== Segment start ==
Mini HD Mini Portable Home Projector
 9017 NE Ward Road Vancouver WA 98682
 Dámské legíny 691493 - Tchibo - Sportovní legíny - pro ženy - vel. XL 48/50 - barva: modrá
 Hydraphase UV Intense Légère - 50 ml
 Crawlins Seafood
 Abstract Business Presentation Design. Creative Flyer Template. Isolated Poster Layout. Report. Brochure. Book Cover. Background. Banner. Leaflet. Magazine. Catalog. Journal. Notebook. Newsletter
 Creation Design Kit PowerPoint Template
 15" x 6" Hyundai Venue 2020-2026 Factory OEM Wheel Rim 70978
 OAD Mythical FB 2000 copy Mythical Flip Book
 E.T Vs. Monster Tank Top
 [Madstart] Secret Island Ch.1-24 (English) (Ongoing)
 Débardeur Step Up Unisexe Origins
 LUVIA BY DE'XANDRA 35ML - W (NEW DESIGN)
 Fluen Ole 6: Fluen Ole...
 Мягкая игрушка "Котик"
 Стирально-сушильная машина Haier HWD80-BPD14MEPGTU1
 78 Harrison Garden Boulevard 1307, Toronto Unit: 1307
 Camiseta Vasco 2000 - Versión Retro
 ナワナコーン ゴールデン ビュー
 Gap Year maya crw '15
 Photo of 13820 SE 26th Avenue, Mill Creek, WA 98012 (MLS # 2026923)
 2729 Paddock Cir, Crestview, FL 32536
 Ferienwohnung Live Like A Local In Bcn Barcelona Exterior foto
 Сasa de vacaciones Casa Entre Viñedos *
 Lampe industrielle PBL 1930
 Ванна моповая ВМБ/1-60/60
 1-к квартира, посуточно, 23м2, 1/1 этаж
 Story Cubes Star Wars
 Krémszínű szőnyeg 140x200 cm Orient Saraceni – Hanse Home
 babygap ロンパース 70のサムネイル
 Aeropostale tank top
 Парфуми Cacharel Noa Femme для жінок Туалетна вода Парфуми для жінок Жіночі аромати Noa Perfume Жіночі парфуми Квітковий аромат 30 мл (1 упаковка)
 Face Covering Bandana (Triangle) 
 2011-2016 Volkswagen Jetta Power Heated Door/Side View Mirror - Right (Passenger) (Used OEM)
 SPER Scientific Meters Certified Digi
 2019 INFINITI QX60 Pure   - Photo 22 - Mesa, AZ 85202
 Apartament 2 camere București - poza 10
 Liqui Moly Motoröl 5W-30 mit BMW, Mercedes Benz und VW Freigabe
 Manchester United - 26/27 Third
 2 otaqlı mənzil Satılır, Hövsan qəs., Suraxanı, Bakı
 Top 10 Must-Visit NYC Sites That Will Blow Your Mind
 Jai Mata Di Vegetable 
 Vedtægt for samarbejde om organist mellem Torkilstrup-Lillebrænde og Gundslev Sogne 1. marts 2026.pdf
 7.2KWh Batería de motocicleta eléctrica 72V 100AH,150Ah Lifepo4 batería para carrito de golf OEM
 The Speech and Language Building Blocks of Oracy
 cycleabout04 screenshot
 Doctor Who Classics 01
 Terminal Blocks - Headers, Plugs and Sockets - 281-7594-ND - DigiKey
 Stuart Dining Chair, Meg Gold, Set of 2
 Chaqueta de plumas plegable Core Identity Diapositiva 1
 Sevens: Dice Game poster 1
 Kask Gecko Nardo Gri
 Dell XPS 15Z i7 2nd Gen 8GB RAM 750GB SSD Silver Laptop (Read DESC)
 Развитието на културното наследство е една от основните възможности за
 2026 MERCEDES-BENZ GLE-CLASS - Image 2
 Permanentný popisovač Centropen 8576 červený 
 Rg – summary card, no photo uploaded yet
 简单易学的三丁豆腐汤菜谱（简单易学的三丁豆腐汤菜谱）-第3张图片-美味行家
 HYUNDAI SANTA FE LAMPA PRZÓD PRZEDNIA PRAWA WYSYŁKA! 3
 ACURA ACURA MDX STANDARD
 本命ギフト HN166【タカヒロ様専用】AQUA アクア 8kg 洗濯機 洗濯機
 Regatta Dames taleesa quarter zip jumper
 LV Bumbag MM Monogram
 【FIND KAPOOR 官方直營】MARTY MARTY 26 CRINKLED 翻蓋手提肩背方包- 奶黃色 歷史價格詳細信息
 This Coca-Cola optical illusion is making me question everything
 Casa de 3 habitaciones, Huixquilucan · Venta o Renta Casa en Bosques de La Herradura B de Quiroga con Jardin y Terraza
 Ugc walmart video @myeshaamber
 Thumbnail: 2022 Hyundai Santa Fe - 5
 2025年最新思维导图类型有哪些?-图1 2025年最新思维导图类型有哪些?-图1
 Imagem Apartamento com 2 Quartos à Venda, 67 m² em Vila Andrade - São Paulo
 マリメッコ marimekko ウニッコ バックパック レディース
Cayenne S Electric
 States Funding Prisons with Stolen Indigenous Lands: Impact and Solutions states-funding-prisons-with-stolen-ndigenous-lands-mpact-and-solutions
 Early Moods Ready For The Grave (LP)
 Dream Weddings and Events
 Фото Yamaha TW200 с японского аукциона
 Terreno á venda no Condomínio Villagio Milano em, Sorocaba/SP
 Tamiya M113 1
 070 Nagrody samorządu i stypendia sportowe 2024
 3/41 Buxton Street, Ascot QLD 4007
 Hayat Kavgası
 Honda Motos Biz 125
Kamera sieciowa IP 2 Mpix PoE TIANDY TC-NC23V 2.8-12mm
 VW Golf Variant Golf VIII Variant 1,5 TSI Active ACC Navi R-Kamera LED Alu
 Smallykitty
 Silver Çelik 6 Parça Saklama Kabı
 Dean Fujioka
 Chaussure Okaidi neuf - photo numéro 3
== Segment end ==
EXERCISE DETAILS: Report how many lines of the data hold the string "Home"; give only the number.

SOLUTION TO THIS EXERCISE: 2